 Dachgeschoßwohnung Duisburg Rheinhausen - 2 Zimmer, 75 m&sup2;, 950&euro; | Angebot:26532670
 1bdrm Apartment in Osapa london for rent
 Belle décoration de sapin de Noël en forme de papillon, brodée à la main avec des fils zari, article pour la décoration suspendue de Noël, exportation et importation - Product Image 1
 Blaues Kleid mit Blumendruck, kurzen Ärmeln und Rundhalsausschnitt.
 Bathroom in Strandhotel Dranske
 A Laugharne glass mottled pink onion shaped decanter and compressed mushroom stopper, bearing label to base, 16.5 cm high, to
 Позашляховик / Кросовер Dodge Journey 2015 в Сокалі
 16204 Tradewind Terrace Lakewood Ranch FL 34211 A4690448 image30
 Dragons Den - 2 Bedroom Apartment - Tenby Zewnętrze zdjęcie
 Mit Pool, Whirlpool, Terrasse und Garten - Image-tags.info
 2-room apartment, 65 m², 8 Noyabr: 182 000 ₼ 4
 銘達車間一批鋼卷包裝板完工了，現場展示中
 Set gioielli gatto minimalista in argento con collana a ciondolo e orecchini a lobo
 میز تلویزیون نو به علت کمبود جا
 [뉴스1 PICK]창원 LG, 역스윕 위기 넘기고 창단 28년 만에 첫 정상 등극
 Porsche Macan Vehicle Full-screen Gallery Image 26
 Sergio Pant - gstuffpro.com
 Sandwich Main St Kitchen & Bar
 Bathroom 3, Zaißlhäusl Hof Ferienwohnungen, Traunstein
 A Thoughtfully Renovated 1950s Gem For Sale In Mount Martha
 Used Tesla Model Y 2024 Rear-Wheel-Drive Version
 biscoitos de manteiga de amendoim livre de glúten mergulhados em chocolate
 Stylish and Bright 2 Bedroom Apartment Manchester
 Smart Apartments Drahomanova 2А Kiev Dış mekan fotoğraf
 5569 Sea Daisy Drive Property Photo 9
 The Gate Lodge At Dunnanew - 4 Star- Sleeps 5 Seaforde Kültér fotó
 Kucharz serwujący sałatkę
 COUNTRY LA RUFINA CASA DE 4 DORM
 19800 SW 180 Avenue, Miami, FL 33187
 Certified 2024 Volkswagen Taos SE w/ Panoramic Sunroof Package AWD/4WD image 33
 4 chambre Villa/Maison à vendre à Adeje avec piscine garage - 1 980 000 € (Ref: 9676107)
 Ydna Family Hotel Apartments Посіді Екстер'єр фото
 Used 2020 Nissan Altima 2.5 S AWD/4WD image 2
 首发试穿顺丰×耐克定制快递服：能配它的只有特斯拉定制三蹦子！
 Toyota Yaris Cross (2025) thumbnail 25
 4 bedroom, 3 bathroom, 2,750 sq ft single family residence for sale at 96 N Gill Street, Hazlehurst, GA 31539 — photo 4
============================================================
(Task to carry out): An exact copy of the lines above, from the one containing "16204 Tradewind Terrace" down to the one containing "19800 SW 180 Avenue, Miami, FL 33187" and including both, is the whole answer; retype it and nothing else.

(Solution to this problem):
 16204 Tradewind Terrace Lakewood Ranch FL 34211 A4690448 image30
 Dragons Den - 2 Bedroom Apartment - Tenby Zewnętrze zdjęcie
 Mit Pool, Whirlpool, Terrasse und Garten - Image-tags.info
 2-room apartment, 65 m², 8 Noyabr: 182 000 ₼ 4
 銘達車間一批鋼卷包裝板完工了，現場展示中
 Set gioielli gatto minimalista in argento con collana a ciondolo e orecchini a lobo
 میز تلویزیون نو به علت کمبود جا
 [뉴스1 PICK]창원 LG, 역스윕 위기 넘기고 창단 28년 만에 첫 정상 등극
 Porsche Macan Vehicle Full-screen Gallery Image 26
 Sergio Pant - gstuffpro.com
 Sandwich Main St Kitchen & Bar
 Bathroom 3, Zaißlhäusl Hof Ferienwohnungen, Traunstein
 A Thoughtfully Renovated 1950s Gem For Sale In Mount Martha
 Used Tesla Model Y 2024 Rear-Wheel-Drive Version
 biscoitos de manteiga de amendoim livre de glúten mergulhados em chocolate
 Stylish and Bright 2 Bedroom Apartment Manchester
 Smart Apartments Drahomanova 2А Kiev Dış mekan fotoğraf
 5569 Sea Daisy Drive Property Photo 9
 The Gate Lodge At Dunnanew - 4 Star- Sleeps 5 Seaforde Kültér fotó
 Kucharz serwujący sałatkę
 COUNTRY LA RUFINA CASA DE 4 DORM
 19800 SW 180 Avenue, Miami, FL 33187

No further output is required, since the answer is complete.